MATERIAL TO PROCESS =>

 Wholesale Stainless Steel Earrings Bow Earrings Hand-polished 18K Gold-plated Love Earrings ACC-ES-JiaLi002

==

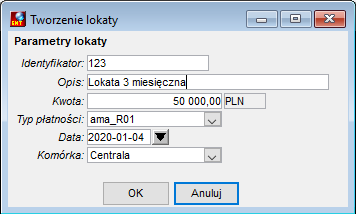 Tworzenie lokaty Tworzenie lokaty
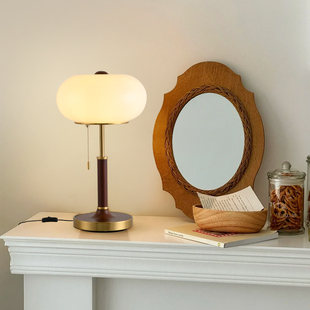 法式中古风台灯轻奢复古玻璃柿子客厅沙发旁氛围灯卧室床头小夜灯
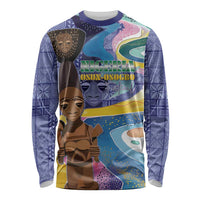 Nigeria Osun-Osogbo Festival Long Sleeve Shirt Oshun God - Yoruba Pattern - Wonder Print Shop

==

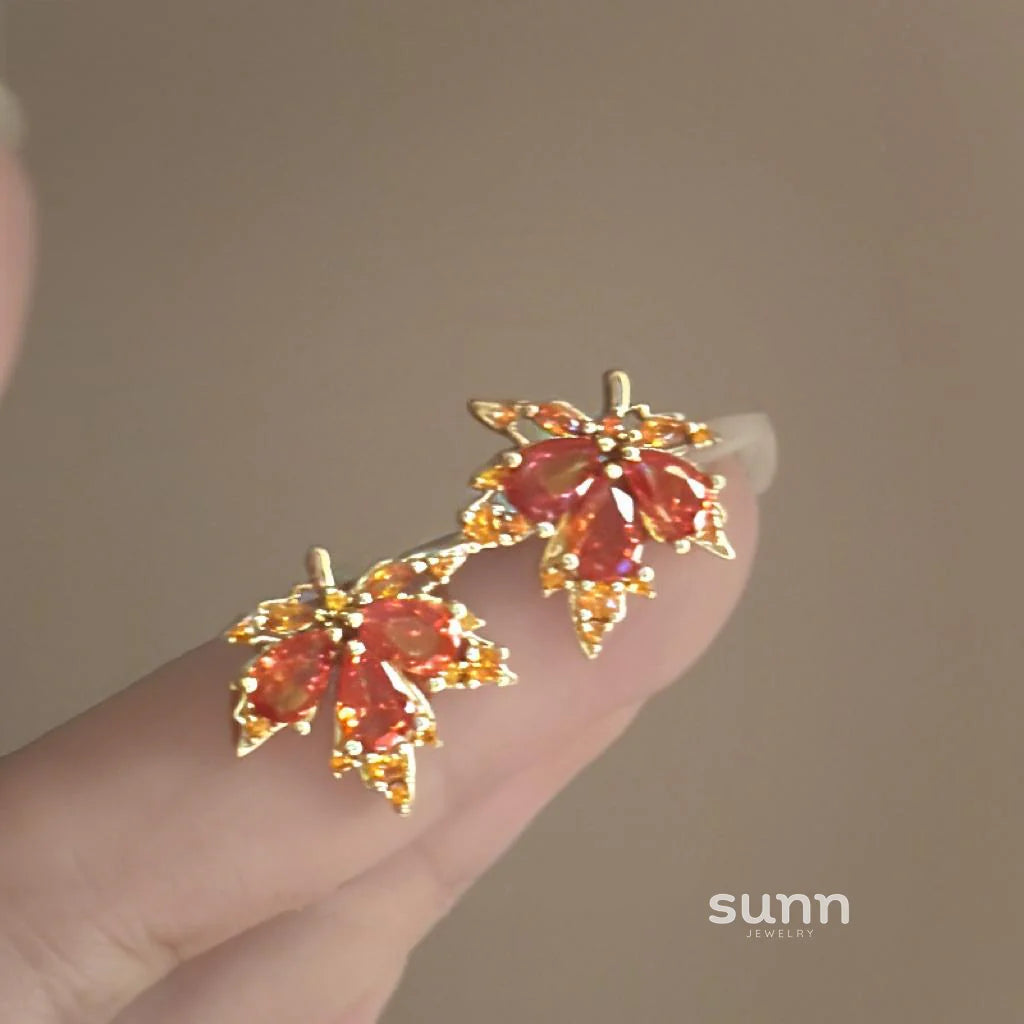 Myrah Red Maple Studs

EXERCISE AIM =>
Lines from the one above containing "Tworzenie lokaty Tworzenie lokaty" down to the one containing "Nigeria Osun-Osogbo Festival" should be transcribed exactly, with both ends kept and no pictures.

ANSWER SPACE =>
 Tworzenie lokaty Tworzenie lokaty
 法式中古风台灯轻奢复古玻璃柿子客厅沙发旁氛围灯卧室床头小夜灯
 Nigeria Osun-Osogbo Festival Long Sleeve Shirt Oshun God - Yoruba Pattern - Wonder Print Shop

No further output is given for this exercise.